WHAT YOU SHOULD DO: Extract only the lines from the start of the entries below to the line with "91家纺网 家纺一手货源 找家纺", inclusive; omit every picture.

===== DATA SUPPLIED

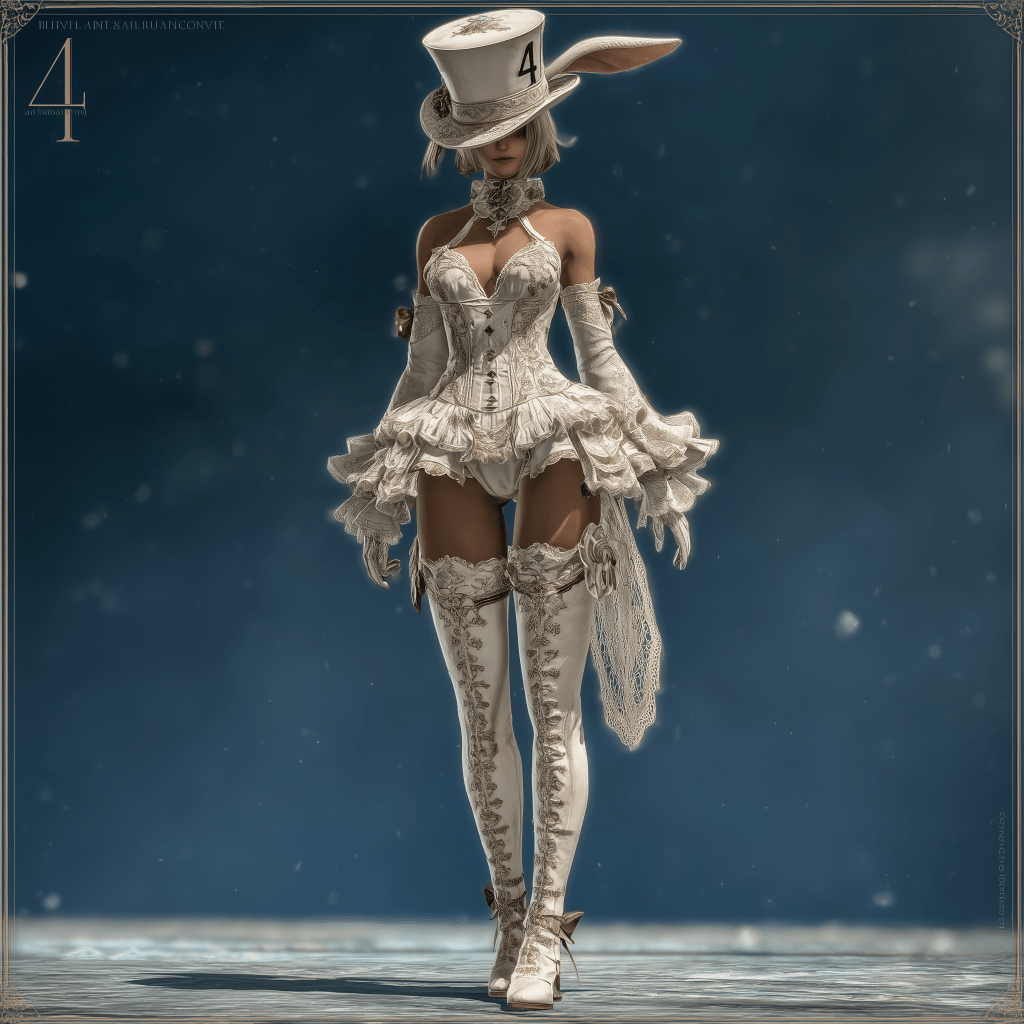 A character dressed in an elaborate, white outfit with a frilly skirt, thigh-high stockings, and a tall hat featuring bunny ears, standing against a softly lit, blue background.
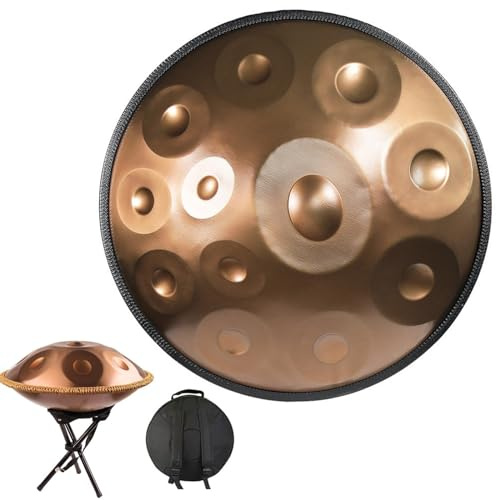 Hand pan drum 440hz/432hz Durable Adults Handpan Drum Instrument In D Minor Prremium Steel Hand Pan Drum 12/10 Notes D3 A Bb C D E F G A Brass Surface For Gift Meditation ( Color : Gold-440H , Size :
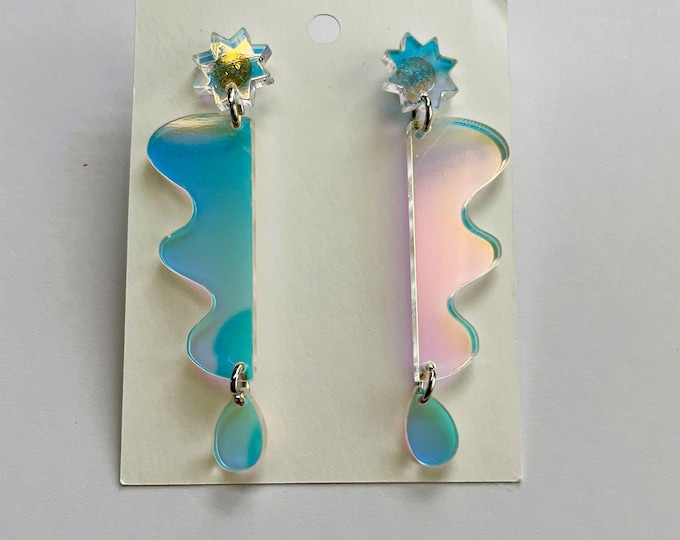 Rainbow Iridescent Mirror Dangle Earrings, Shiny Abstract Shape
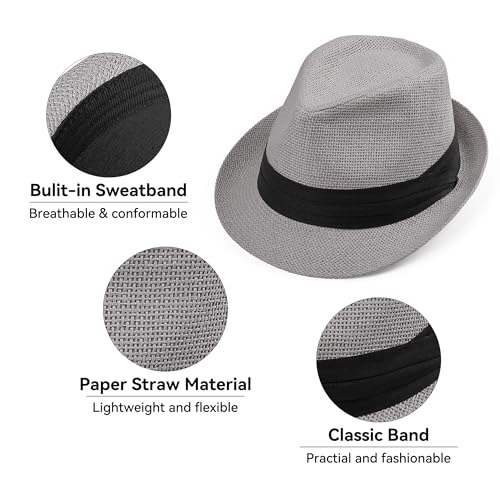 Image of Straw Trilby Fedora Hat for Men Women 1920s Panama Hat Short Brim Summer Beach Sun Hat with Band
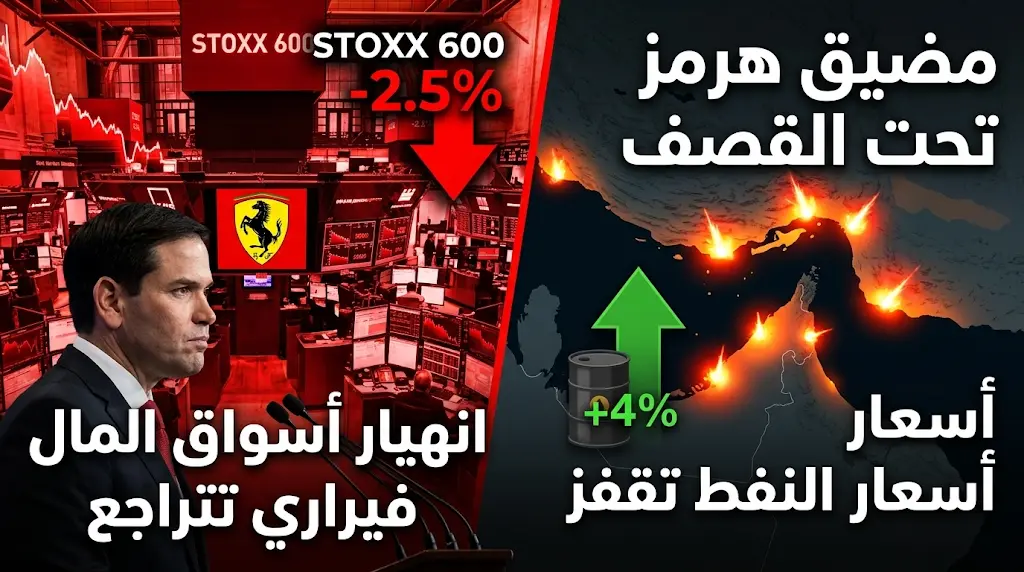تراجع حاد في الأسهم الأوروبية عقب ضربات أمريكية في إيران وتصاعد التوترات الجيوسياسية
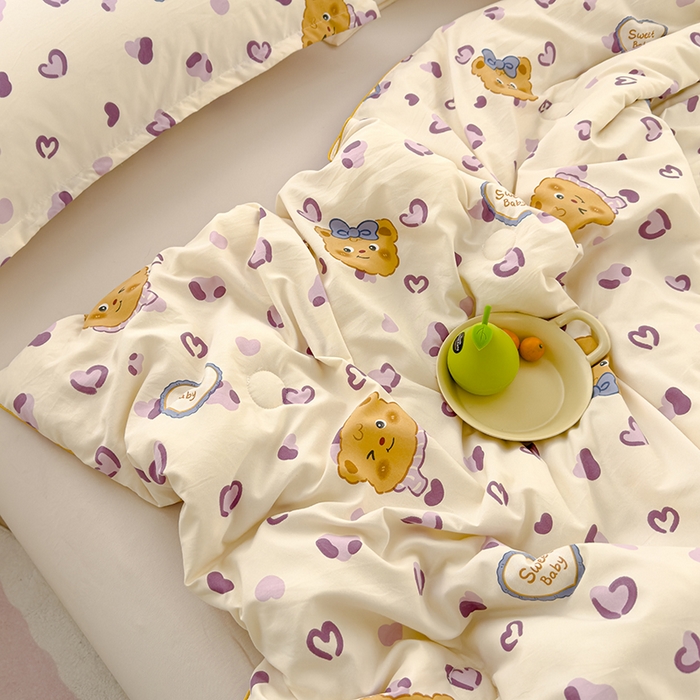 91家纺网 家纺一手货源 找家纺 星巴k家纺 2025新款A类水洗双层纱大豆纤维夏被夏凉被空调被 豹纹小熊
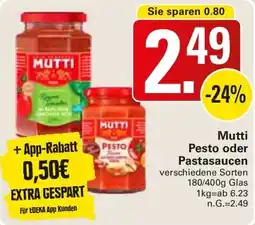 WEZ Mutti Pesto oder Pastasaucen Angebot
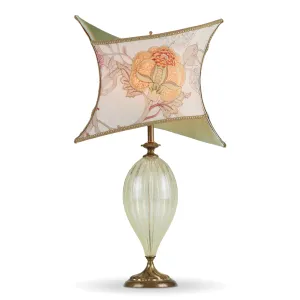 Viviana Table lamp 193Y164 by Kinzig Design Colors Soft Tangerine Mint and Amber Blown Glass and Fabric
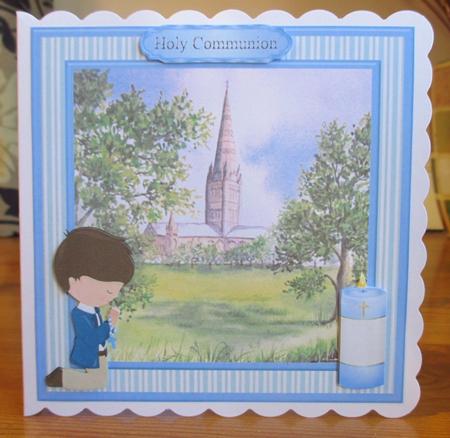 First Holy Communion Boy (brunette) Card Topper & Decoupage by Johanna Lambert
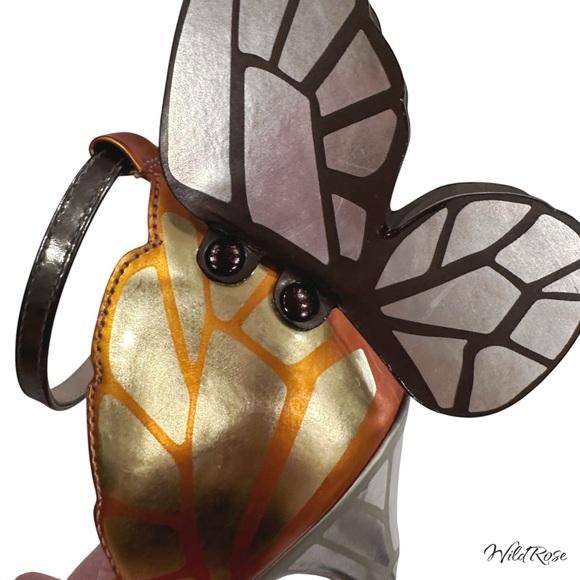 Sophia Webster Chiara Nude, Silver, & Orange Butterfly Heels SZ 36.5 - Picture 11 of 14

==========

TASK ANSWER:
 A character dressed in an elaborate, white outfit with a frilly skirt, thigh-high stockings, and a tall hat featuring bunny ears, standing against a softly lit, blue background.
 Hand pan drum 440hz/432hz Durable Adults Handpan Drum Instrument In D Minor Prremium Steel Hand Pan Drum 12/10 Notes D3 A Bb C D E F G A Brass Surface For Gift Meditation ( Color : Gold-440H , Size :
 Rainbow Iridescent Mirror Dangle Earrings, Shiny Abstract Shape
 Image of Straw Trilby Fedora Hat for Men Women 1920s Panama Hat Short Brim Summer Beach Sun Hat with Band
تراجع حاد في الأسهم الأوروبية عقب ضربات أمريكية في إيران وتصاعد التوترات الجيوسياسية
 91家纺网 家纺一手货源 找家纺 星巴k家纺 2025新款A类水洗双层纱大豆纤维夏被夏凉被空调被 豹纹小熊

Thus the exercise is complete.